1966 saw the start of the insurgent guerilla war which would eventually peak in the late 1970s. The Battle of Sinoia, on 28 April 1966, in which four RRAF Alouette III helicopters assisted ground forces in attacking a guerilla unit near the small town of Sinoia was the first notable action in this grim war of attrition. By the end of 1968, the security forces had succeeded in countering all guerrilla incursions, with minimal losses to themselves. The years 1969 to 1972 were relatively quiet, and on 1 March 1970 Rhodesia declared itself a republic. The 'Royal' prefix was dropped from the title of the RRAF, which became the Rhodesian Air Force (RhAF). A new aircraft roundel was adopted, which incorporated the Rhodesian lion.
In 1973 the attacks on Rhodesia were renewed with better trained and equipped guerillas using improved tactics taught by Russian and Chinese instructors. To counter this new threat the 'Fireforce' concept was evolved. This involved hidden observers calling in sudden attacks from helicopters based at a number of forward airfields around the country. The helicopters worked as a team and comprised unarmed troop carriers and a cannon-armed example to provide mobile firepower.
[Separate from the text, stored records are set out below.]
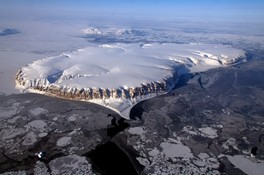 Réchauffement  fonte accélérée d\'un important glacier du Groenland depuis 2012
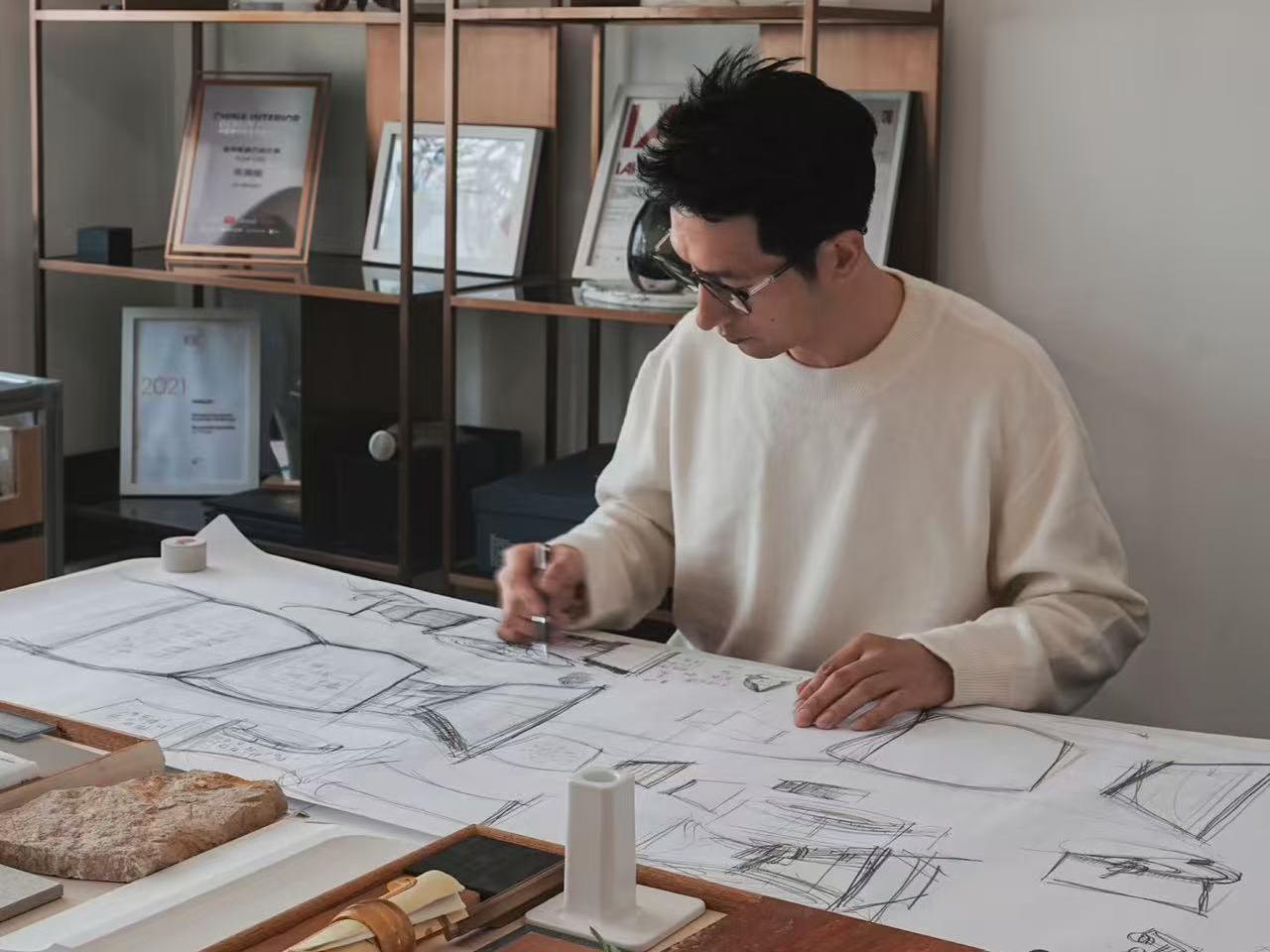 Close-up of a Molekaus designer sketching elegant botanical illustrations by hand with a pencil, showcasing our traditional, tool-free design process for our timeless journals.
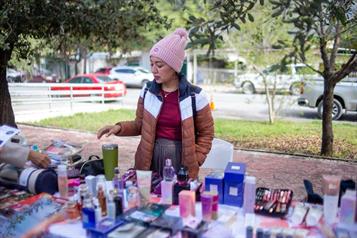 Realizan en Centros Comunitarios primer Mercadito de Emprendedores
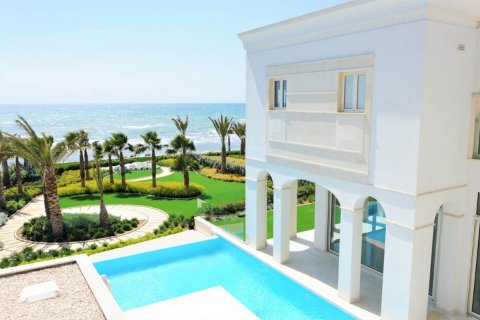 5 bedrooms Villa in Larnaca, Larnaka,  No. 38243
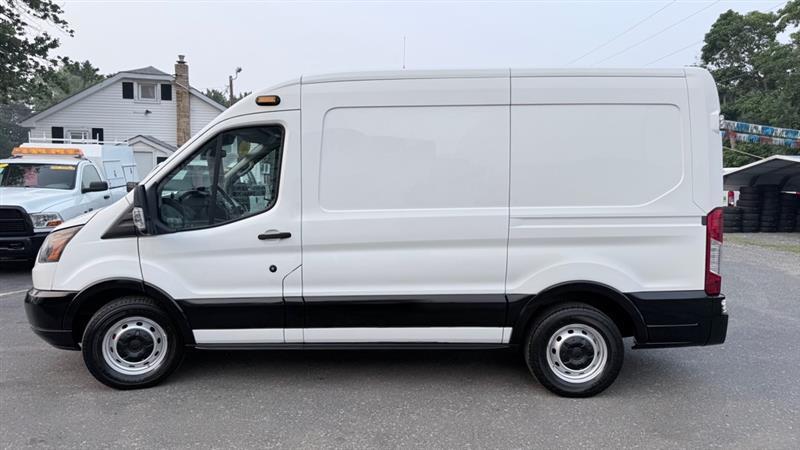 Ford Transit 150 Van Med. Roof w/Sliding Pass. 130-in. WB 2017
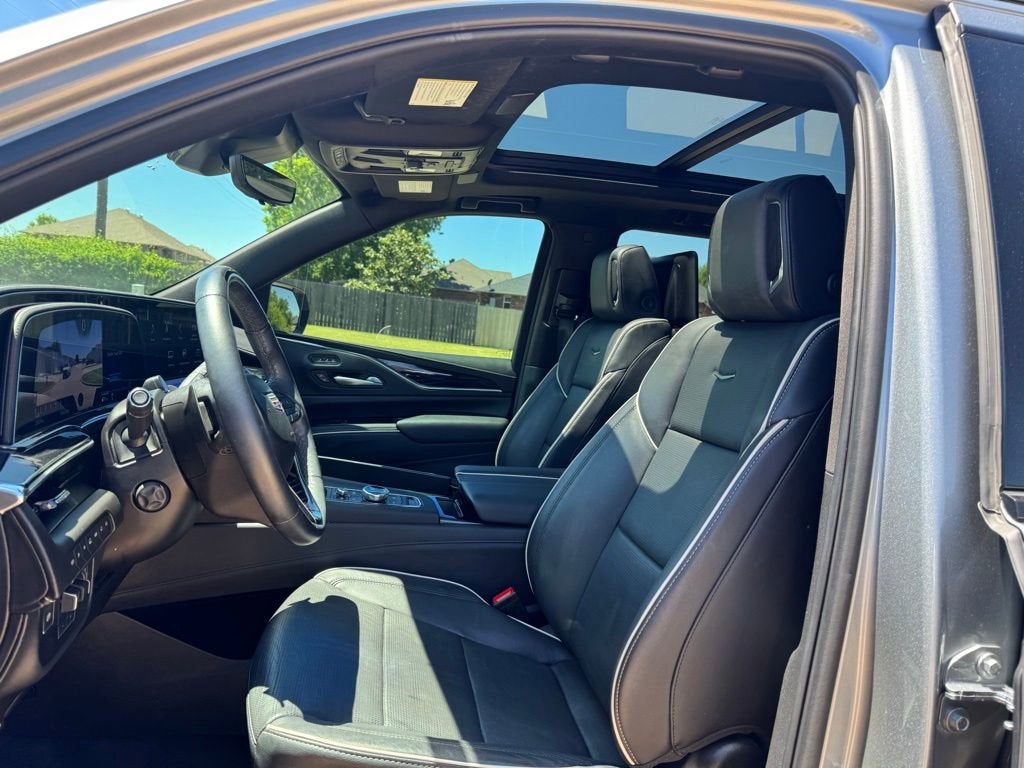 2024 Cadillac Escalade Sport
By 1977 the number of cross-border guerrilla attacks were such that plans were formulated for attacking the main guerilla bases in the 'frontine' states of Zambia and Mozambique. The first such attack was Operation Dingo, on 23 November 1977, which targeted the Chimoio camp in Mozambique. This raid involved bombing raids by Hunters and Canberras, followed by a ground assault supported by Alouettes, and proved a complete success. A similar attack, Operation Gatling, targeted a guerrilla base in Zambia.
On 3 March 1979, the country was renamed Zimbabwe-Rhodesia, as part of the attempt at reaching an internal settlement. The war continued unabated however, and so further cross-border attacks on guerrilla bases were staged. With formal independence on 18 April 1980, the Rhodesian Air Force became the Air Force of Zimbabwe (AFZ).
With independence marking the end of the guerrilla war, the AFZ began adapting for peacetime duties, including the systematic training of black personnel for aircrew and ground crew duties. Many white personal became reservists. The serviceability of AFZ aircraft plunged and many aircraft were put into storage due to the lack of qualified pilots, while other types were sold off. In the early morning of 25 July 1982, a series of explosions at Thornhill air base destroyed ten aircraft and damaged another four. AFZ personnel were initially accused of sabotage, but evidence later emerged that the apartheid South African Government was involved.
In 1983 the AFZ was tasked with providing air support to Zimbabwean Army units deployed to Mozambique to protect the 'Beira Corridor' railway link between Zimbabwe and the port of Beira, and other strategic locations in the country. The civil war between FRELIMO and RENAMO forces raged fiercely until a peace agreement was finally signed in 1992.
In June 1998 Zimbabwe secretly deployed troops to the Democratic Republic of Congo to prevent the fall of Kinshasa. The deployment was not announced publicly until 1999, by which time many Zimbabwean troops had died in battle. Congo is not a neighbour of Zimbabwe, but it was considered essential to assist President Kabila in the on-going civil war against Rwandan and Ugandan backed rebels. Over the next few years, the AFZ conducted numerous combat and support operations over Congo. A number of aircraft were reported to have been lost during these missions.